SOURCE DATA ->
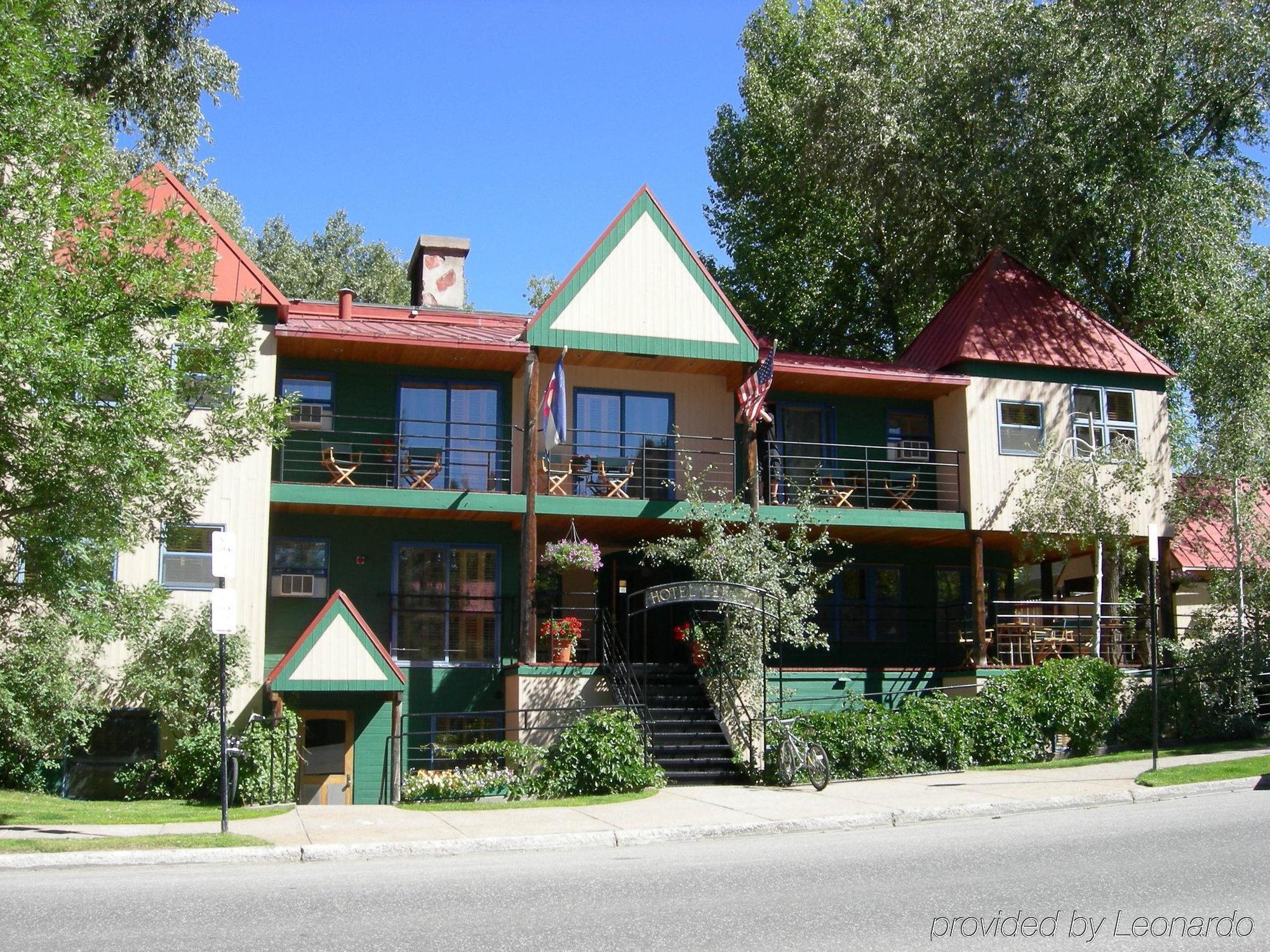 Hotel Lenado Aspen Luaran gambar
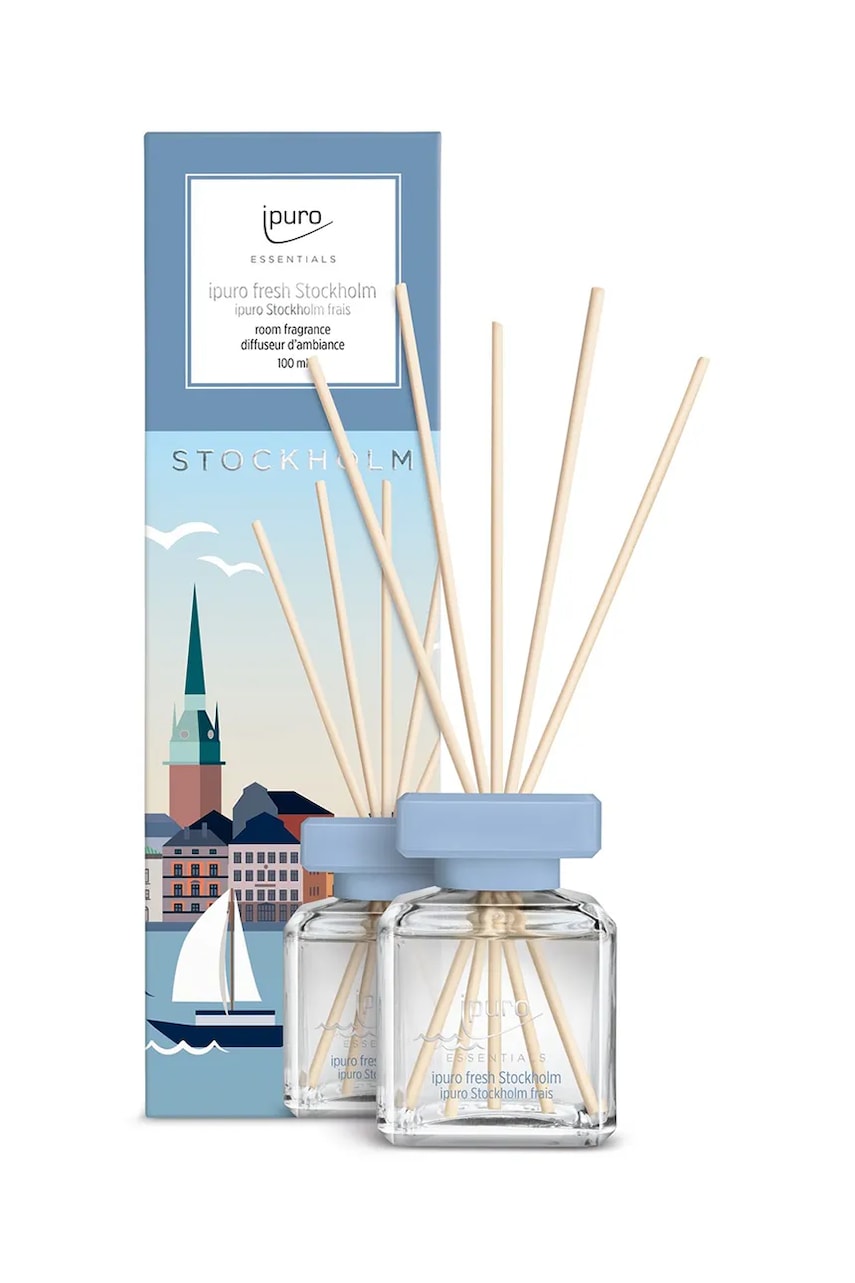 Ipuro difuzor de arome Fresh Stockholm 100 ml Ipuro difuzor de arome Fresh Stockholm 100 ml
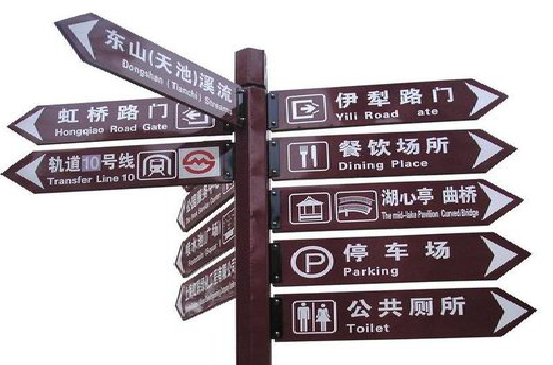 马关标牌的基本功能。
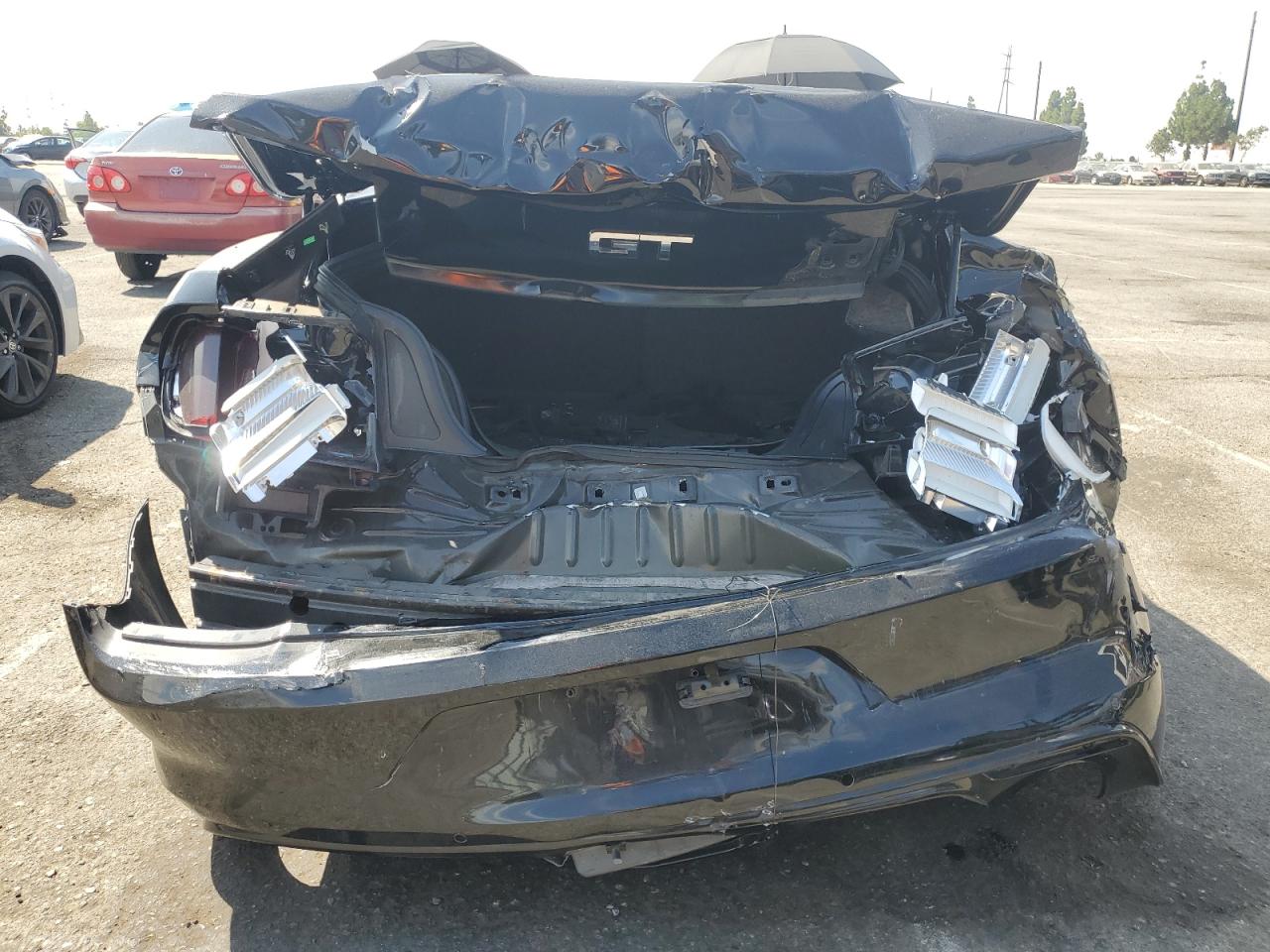 2015 Ford Mustang Gt VIN: 1FA6P8CF6F5350870 Lot: 69851065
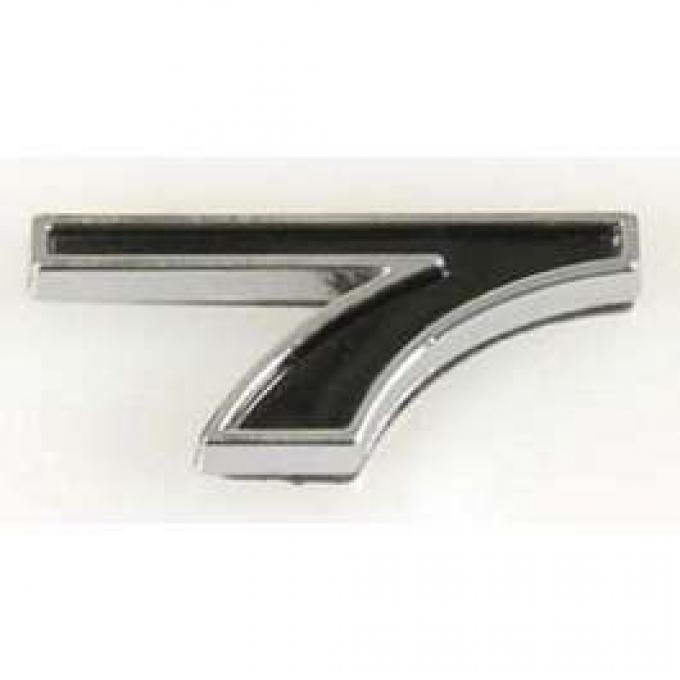 Trim Parts Generic Number, “7”, Black 5185G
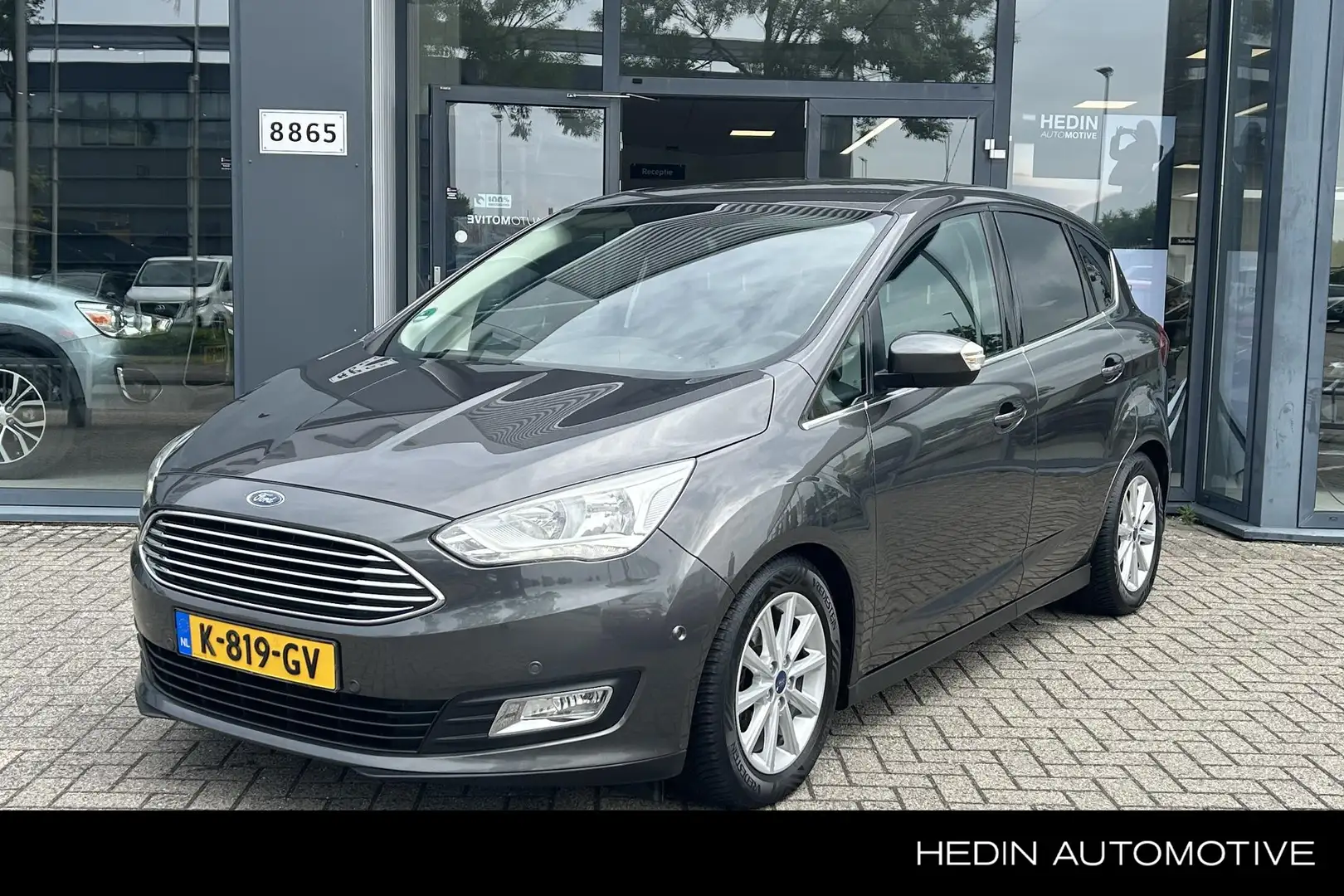 Ford C-Max 1.0 Titanium Grau - 1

TASK DETAILS ->
Without including any pictures, print all of the material exactly as given.

THE COMPLETED TASK ->
 Hotel Lenado Aspen Luaran gambar
 Ipuro difuzor de arome Fresh Stockholm 100 ml Ipuro difuzor de arome Fresh Stockholm 100 ml
 马关标牌的基本功能。
 2015 Ford Mustang Gt VIN: 1FA6P8CF6F5350870 Lot: 69851065
 Trim Parts Generic Number, “7”, Black 5185G
 Ford C-Max 1.0 Titanium Grau - 1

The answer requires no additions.